Un changement de statut préconisé
Le Port de Longoni a été transféré par l'État au département en novembre 2009, dans le cadre de la décentralisation. Celui-ci a choisi d'en attribuer la gestion à la CCI, puis depuis le 1er novembre 2013, sous la forme d'une délégation de service publics, à une société de droit privé, Mayotte Channel Gateway. Mais problème : la gestion s'avère "défaillante par l'ensemble des acteurs concernés", souligne la Cour des comptes. En conséquence, la Cour préconise que l'État, actuellement écarté des organes de gouvernance du port, puisse retrouver une capacité d'intervention. Pour cela, elle préconise un changement de statut, en suggérant deux options :
- soit le modèle de Grand Port Maritime, comme en Guyane, en Guadeloupe, en Martinique et à la Réunion ;
- soit le statut de société nationale "comme un rapport interministériel d'inspection d'octobre 2016 l'a recommandé pour Saint-Pierre et Miquelon".
Dans sa réponse en date du 13 décembre, la ministre des Transports met en exergue les difficultés juridiques et financières ce ces options. Élisabeth Borne admet en revanche les difficultés et rappelle que "une mission interministérielle a été mise en place pour évaluer la situation du port de Longoni, en particulier les scenarii envisageables permettant d'établir un pilotage plus efficace du contrat de concession actuel".
Des défaillances sérieuses...
Les défaillances constatées par la Cour sont de plusieurs ordres. Elle pointe d'abord qu'en dépit d'alertes récurrentes de la part de la direction de la Mer sud-Océan indien concernant une dégradation des infrastructures portuaires susceptible de porter atteinte à la sécurité, le département "n'a entrepris ni investissements, ni études préalables pour l'entretien et la mise aux normes des équipements". D'autre part, le délégataire a fait l'acquisition de grues mobiles et de portiques motorisés "à un coût supérieur à celui prévu". Les droits de port et les redevances d'occupation du domaine public ont été augmentés, alors que la DSP ne le prévoyait pas.

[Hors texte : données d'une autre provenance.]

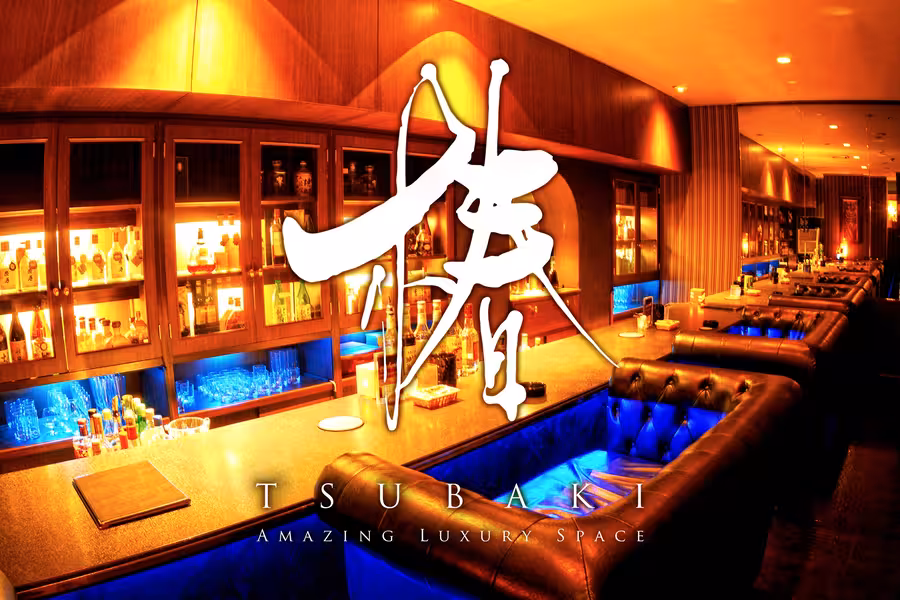 Amazing Luxury Space 椿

... et de nombreux différends
Il résulte de cette gestion de nombreux différends. Le département et le délégataire sont en désaccord sur l'exercice de l'activité de manutention. "Le délégataire veut l'exercer en concurrence de la Société mahoraise d'acconnage, de représentation et de transit (SMART)". Cette entreprise estime quant à elle que la manutention ne rentre pas dans le champ de la délégation. Le calcul de la redevance versée au département et les tarifs d'usage des outillages publics sont également source de conflit.

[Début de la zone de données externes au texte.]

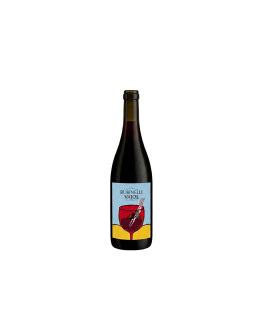 Rubinelli Vajol Verona Rosso Igt Rubinì 2025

Enfin, la Cour note que "des obligations contractuelles n'ont pas été respectées par les parties telles que l'établissement d'un bilan d'ouverture de la délégation, le transfert de la trésorerie du précédent délégataire, la transmission des rapports d'activité et comptes annuels ainsi que la présentation de plans d'investissement et de développement stratégique".
Cette situation conflictuelle a induit "des grèves et des blocages répétés du port", et "la médiation conduite en janvier 2017 n'a pas abouti faute de volonté des parties de trouver un compromis", rappelle enfin la Cour.